## WHAT IS BEING ASKED
Every entry is to be returned as it stands, apart from the pictures.

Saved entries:
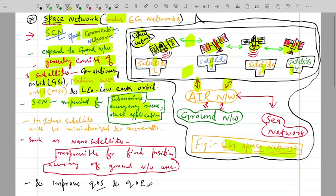Sea-based network applications are part of the sea-base network. The space network has a direct connection with the air network and the sea network. Through the air and satellite networks, communication with submarines and sea-based emergency rescue or security operations is facilitated.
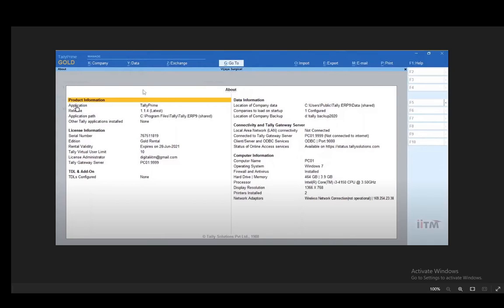Once you're here, you just have to view the product information. As you can see, the application is Tally Prime and the release is 1.1.4, which it says here is the latest actual version. So this is where you'll find out your most recent version or the version of your application on your PC.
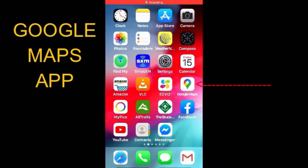This method requires that you do this procedure while you're at the location of the camera. After you get back home, it'll be too late. Those GPS coordinates will not be available on Google Maps.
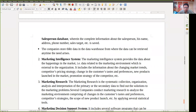The marketing intelligence system provides data about happenings in the market — data relating to the marketing environment which is external to the organization. It includes information about changing market trends, which is very important since change is the only constant. It also includes competitors' pricing strategies, changes in customers' tastes and preferences, new products launched in the market, and promotional strategies of competitors. These things can be better understood by using the marketing intelligence system.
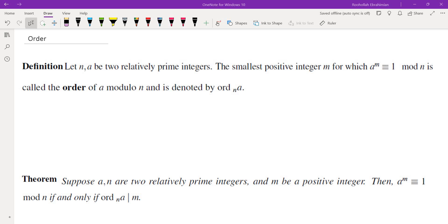Hello, in this video we're going to go over the concept of order. We're going to talk about its definition in number theory, its definition in abstract algebra, and if you stick with me to the end of the video, I'll do a math competition example.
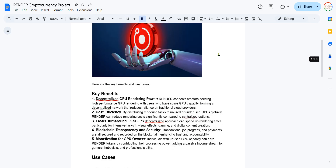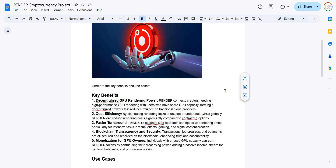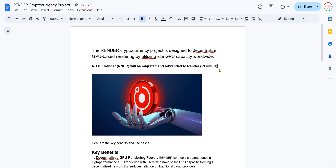So the interesting thing is, how do you earn Render tokens? That's actually possible if you are an individual that wants to share your GPU capacity. You can earn tokens by offering your own processing power from your GPU, and you can make a passive income. So this could be great for gamers, small business people, hobbyists — anybody. It's a neat new way to allow people to generate some tokens by just using their network.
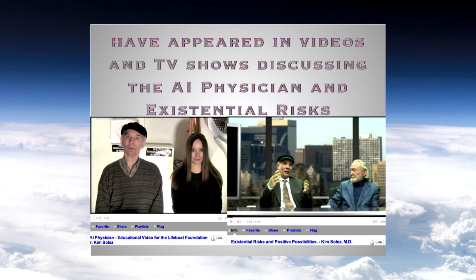That's really the challenge we're looking at — the complete opposite of down the rabbit hole and the world you learn about in Alice in Wonderland. I've been talking about these sorts of risks in many forums: videos for the Lifeboat Foundation on existential risks, TV appearances, and also about the AI physician. There's now a seven-million-dollar prize for the person who comes up with something like the Star Trek tricorder that can diagnose 30 different diseases.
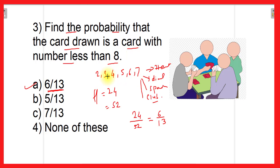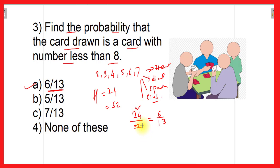Remember, the numbers less than 8 are 2, 3, 4, 5, 6, and 7 — that is 6 cards each from heart, diamond, spade, and club, giving 24 favorable outcomes divided by the total of 52, which gives 6/13.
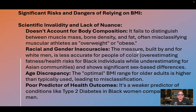Racial and gender inaccuracies. The measure, built by and for white men, is less accurate for people of color, overestimating fatness and health risks for Black individuals while underestimating them for Asian communities, and shows significant sex-based differences. Age discrepancy: the optimal BMI range for older adults is higher than typically used, leading to misclassification.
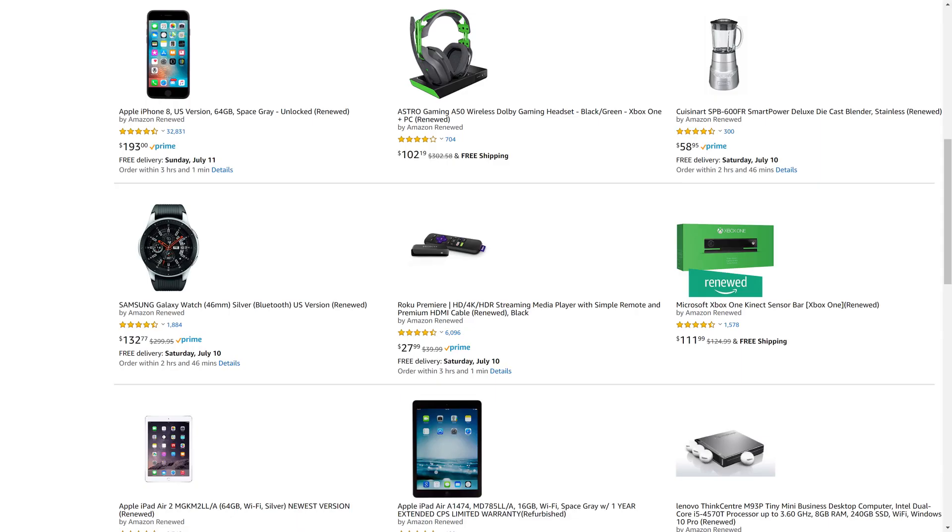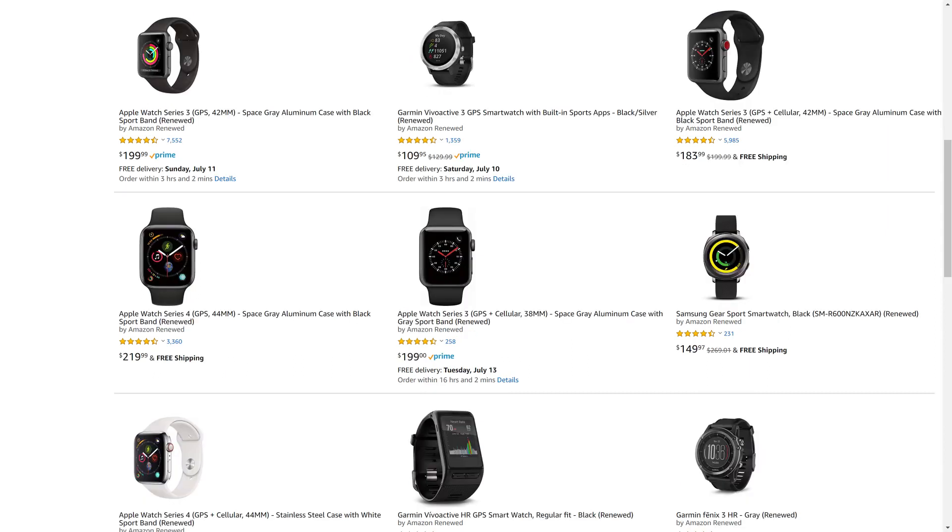But before we get into the steps to delete an old iPhone or iPad backup from iCloud, I want to let you know that Amazon Renewed gives you great deals on like-new, refurbished products from popular brands in top categories.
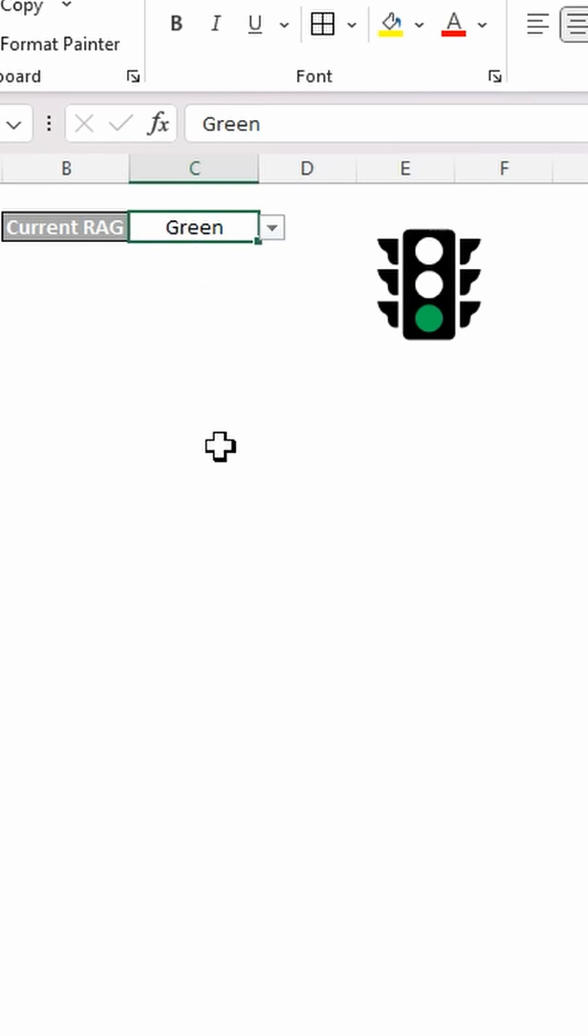And there you go. There's a neat way to create an interactive link picture by creating a rag traffic light. See you next time.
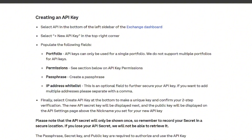These are the steps on how you can create an API key in Coinbase. First, select the API in the bottom left corner or sidebar of the exchange dashboard. Then select New API Key in Coinbase, and populate the following fields. These fields will come from the information inside your TradingView account, like the portfolio permissions, passphrase, and the IP address whitelist.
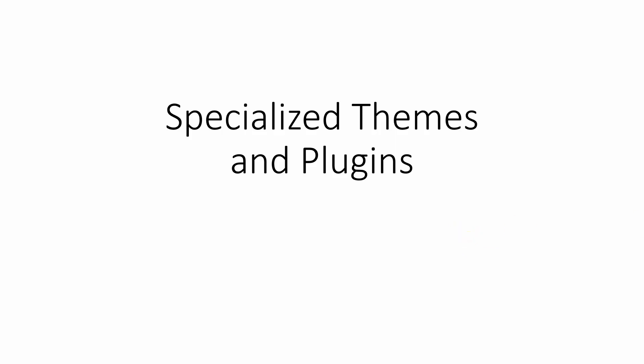Welcome back. Now in this video we're going to be discussing specialized themes and plugins.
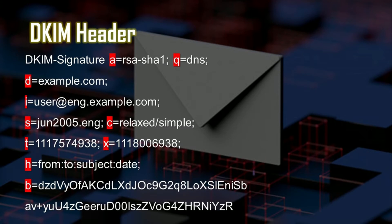The signature looks something like this — let's break this header down. First, A equals RSA-SHA1, where A represents the signing algorithm. Q equals the default query method, so DNS. D is the signing domain being identified. I is the user agent, and the value of the email address containing the domain or subdomain is defined in the signing domain. S is listed as june2005.eng, and that's the selector. A selector is part of the DKIM record that allows publishing multiple DKIM keys on the domain. It can also be reused across domains, but a specific domain can only publish one key on a specific selector.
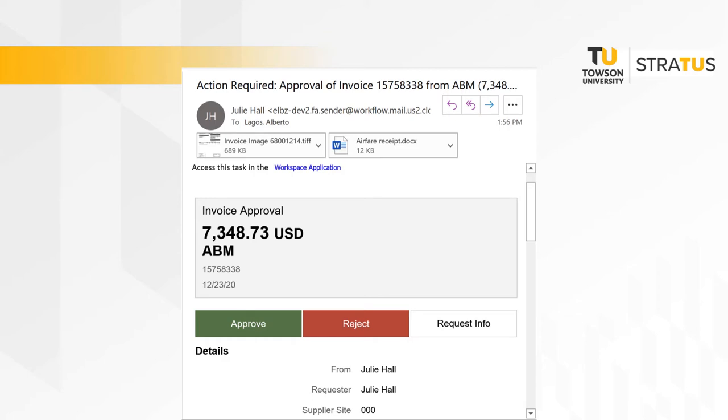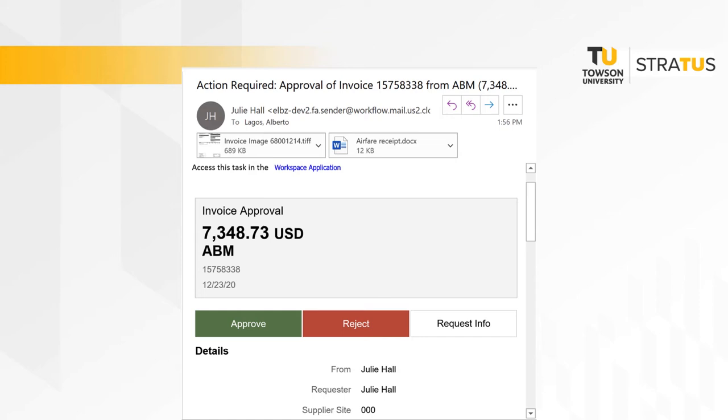When there is an invoice that needs your approval, you will receive both an email notification and a notification within the Stratus application through your notification bell.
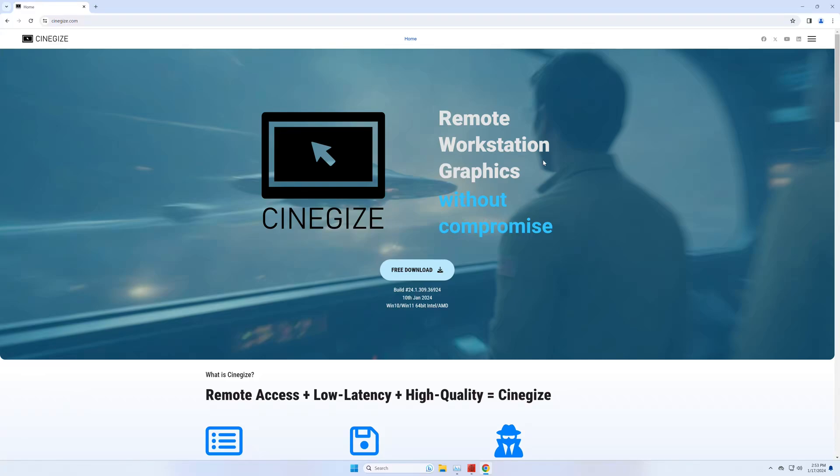Hello, this is a short presentation on Synergize. Synergize, remote workstation graphics without compromise. I'll take you on a quick journey to show you what you can do with Synergize and what its unique features are.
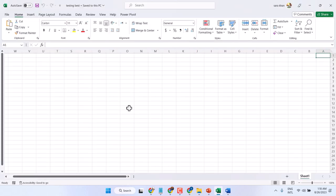So, this is the method to save an Excel file in Windows 11. Thanks for watching.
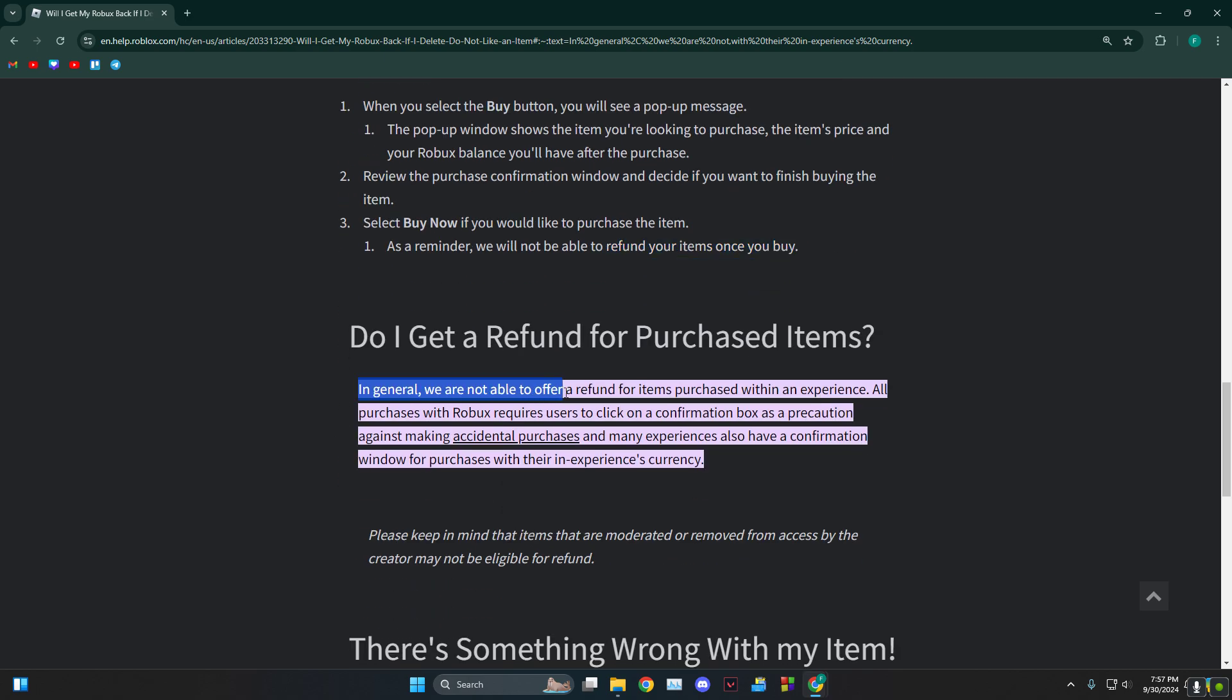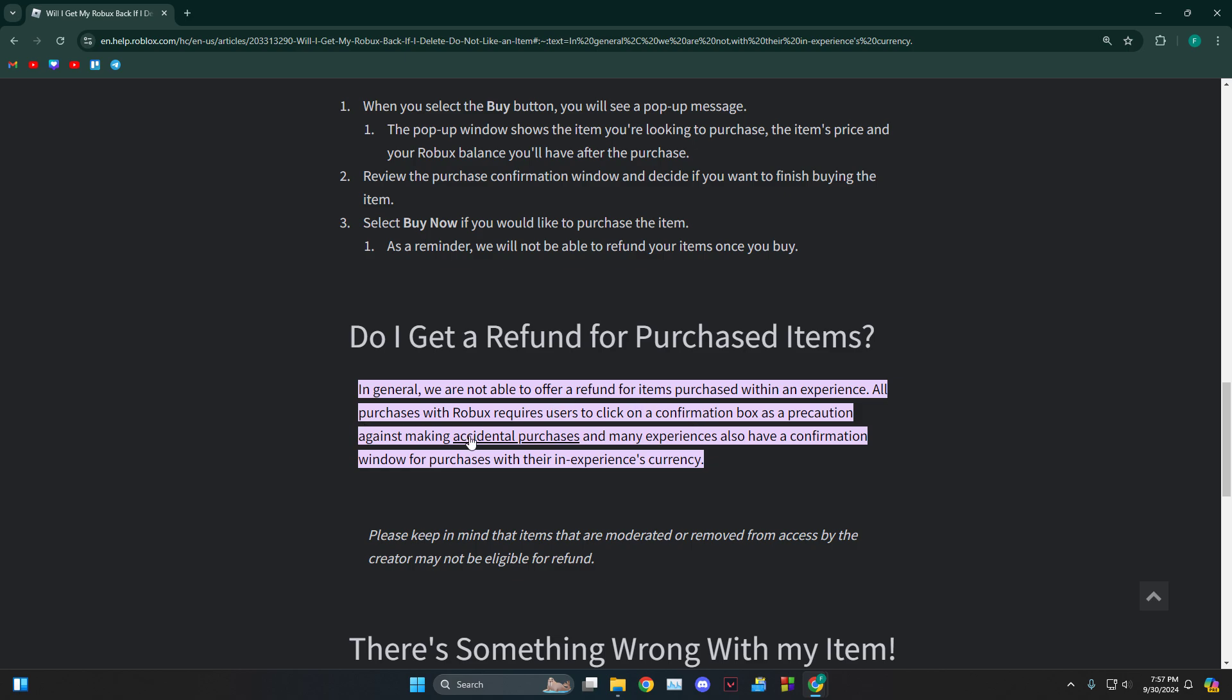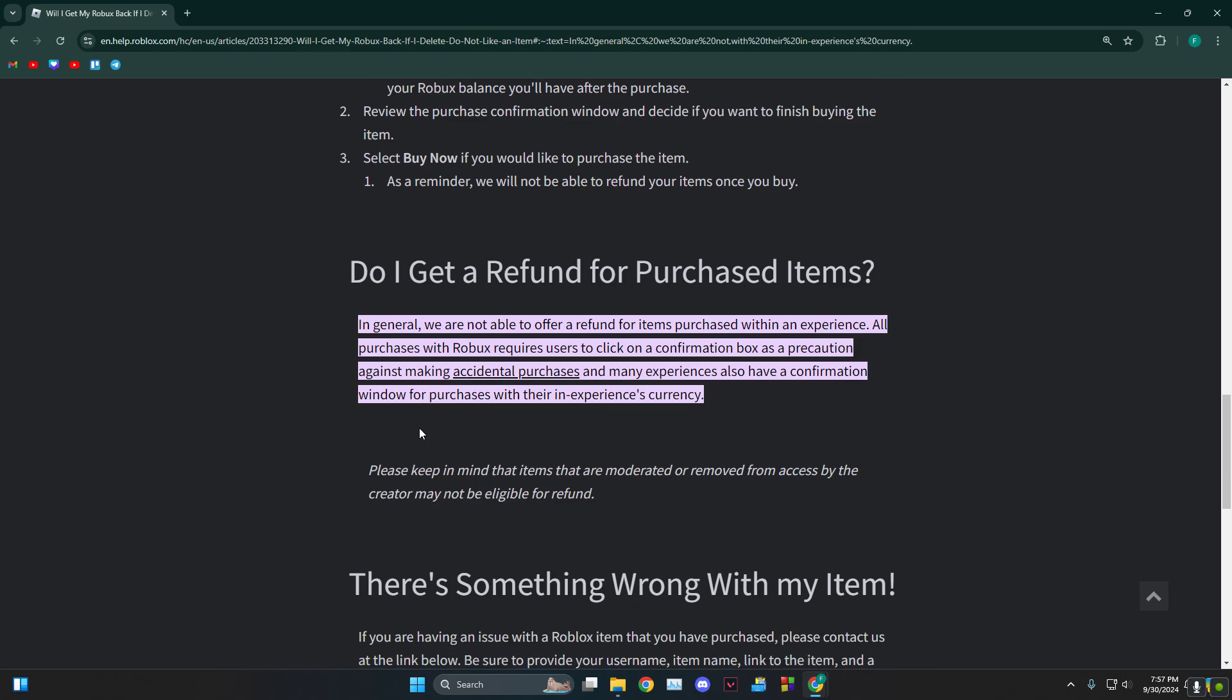are not able to offer a refund for items purchased within an experience. All purchases require users to click on a confirmation box against making accidental purchases, and this also has a confirmation window for purchases with their in-experience currency.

## SOLUTION TO THIS EXERCISE
Sea-based network applications are part of the sea-base network. The space network has a direct connection with the air network and the sea network. Through the air and satellite networks, communication with submarines and sea-based emergency rescue or security operations is facilitated.
Once you're here, you just have to view the product information. As you can see, the application is Tally Prime and the release is 1.1.4, which it says here is the latest actual version. So this is where you'll find out your most recent version or the version of your application on your PC.
This method requires that you do this procedure while you're at the location of the camera. After you get back home, it'll be too late. Those GPS coordinates will not be available on Google Maps.
The marketing intelligence system provides data about happenings in the market — data relating to the marketing environment which is external to the organization. It includes information about changing market trends, which is very important since change is the only constant. It also includes competitors' pricing strategies, changes in customers' tastes and preferences, new products launched in the market, and promotional strategies of competitors. These things can be better understood by using the marketing intelligence system.
Hello, in this video we're going to go over the concept of order. We're going to talk about its definition in number theory, its definition in abstract algebra, and if you stick with me to the end of the video, I'll do a math competition example.
So the interesting thing is, how do you earn Render tokens? That's actually possible if you are an individual that wants to share your GPU capacity. You can earn tokens by offering your own processing power from your GPU, and you can make a passive income. So this could be great for gamers, small business people, hobbyists — anybody. It's a neat new way to allow people to generate some tokens by just using their network.
That's really the challenge we're looking at — the complete opposite of down the rabbit hole and the world you learn about in Alice in Wonderland. I've been talking about these sorts of risks in many forums: videos for the Lifeboat Foundation on existential risks, TV appearances, and also about the AI physician. There's now a seven-million-dollar prize for the person who comes up with something like the Star Trek tricorder that can diagnose 30 different diseases.
Remember, the numbers less than 8 are 2, 3, 4, 5, 6, and 7 — that is 6 cards each from heart, diamond, spade, and club, giving 24 favorable outcomes divided by the total of 52, which gives 6/13.
Racial and gender inaccuracies. The measure, built by and for white men, is less accurate for people of color, overestimating fatness and health risks for Black individuals while underestimating them for Asian communities, and shows significant sex-based differences. Age discrepancy: the optimal BMI range for older adults is higher than typically used, leading to misclassification.
But before we get into the steps to delete an old iPhone or iPad backup from iCloud, I want to let you know that Amazon Renewed gives you great deals on like-new, refurbished products from popular brands in top categories.
And there you go. There's a neat way to create an interactive link picture by creating a rag traffic light. See you next time.
These are the steps on how you can create an API key in Coinbase. First, select the API in the bottom left corner or sidebar of the exchange dashboard. Then select New API Key in Coinbase, and populate the following fields. These fields will come from the information inside your TradingView account, like the portfolio permissions, passphrase, and the IP address whitelist.
Welcome back. Now in this video we're going to be discussing specialized themes and plugins.
The signature looks something like this — let's break this header down. First, A equals RSA-SHA1, where A represents the signing algorithm. Q equals the default query method, so DNS. D is the signing domain being identified. I is the user agent, and the value of the email address containing the domain or subdomain is defined in the signing domain. S is listed as june2005.eng, and that's the selector. A selector is part of the DKIM record that allows publishing multiple DKIM keys on the domain. It can also be reused across domains, but a specific domain can only publish one key on a specific selector.
When there is an invoice that needs your approval, you will receive both an email notification and a notification within the Stratus application through your notification bell.
Hello, this is a short presentation on Synergize. Synergize, remote workstation graphics without compromise. I'll take you on a quick journey to show you what you can do with Synergize and what its unique features are.
So, this is the method to save an Excel file in Windows 11. Thanks for watching.
are not able to offer a refund for items purchased within an experience. All purchases require users to click on a confirmation box against making accidental purchases, and this also has a confirmation window for purchases with their in-experience currency.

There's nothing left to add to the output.